§ Material provided:

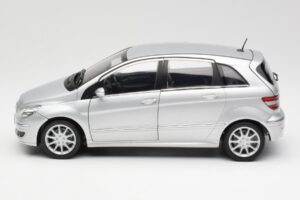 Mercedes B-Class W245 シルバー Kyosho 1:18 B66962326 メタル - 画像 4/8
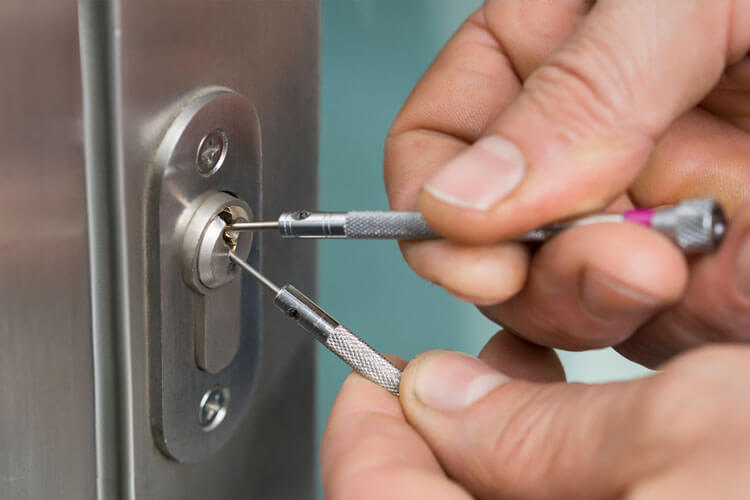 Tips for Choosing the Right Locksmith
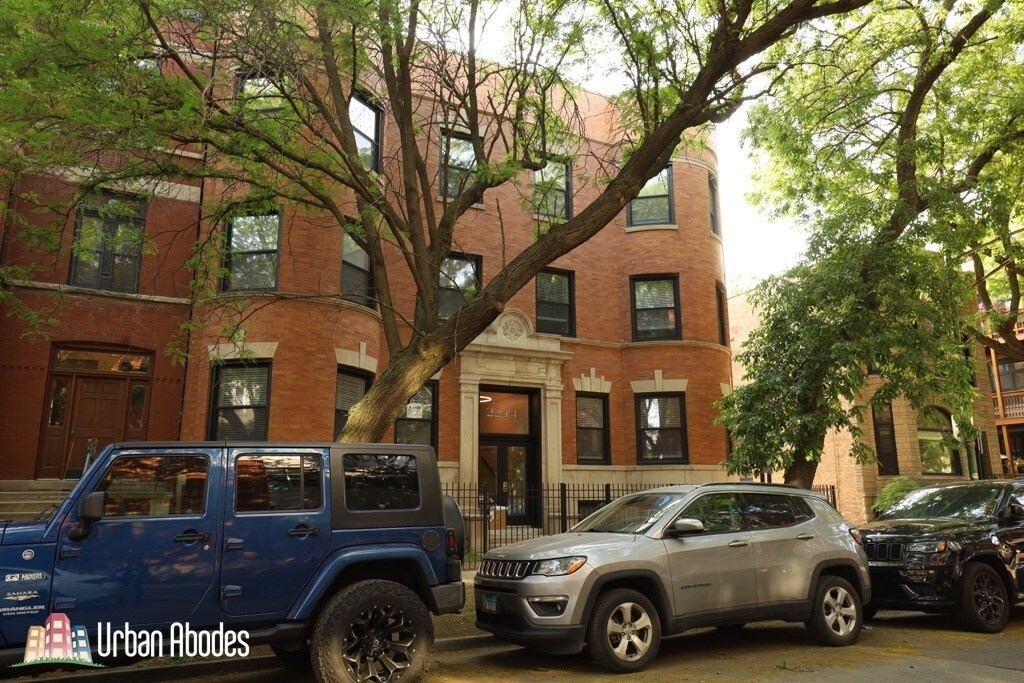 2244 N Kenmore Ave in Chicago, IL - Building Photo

§ Try it: Please set down each line of the listing above word for word, skipping any pictures.

§ Response area:
 Mercedes B-Class W245 シルバー Kyosho 1:18 B66962326 メタル - 画像 4/8
 Tips for Choosing the Right Locksmith
 2244 N Kenmore Ave in Chicago, IL - Building Photo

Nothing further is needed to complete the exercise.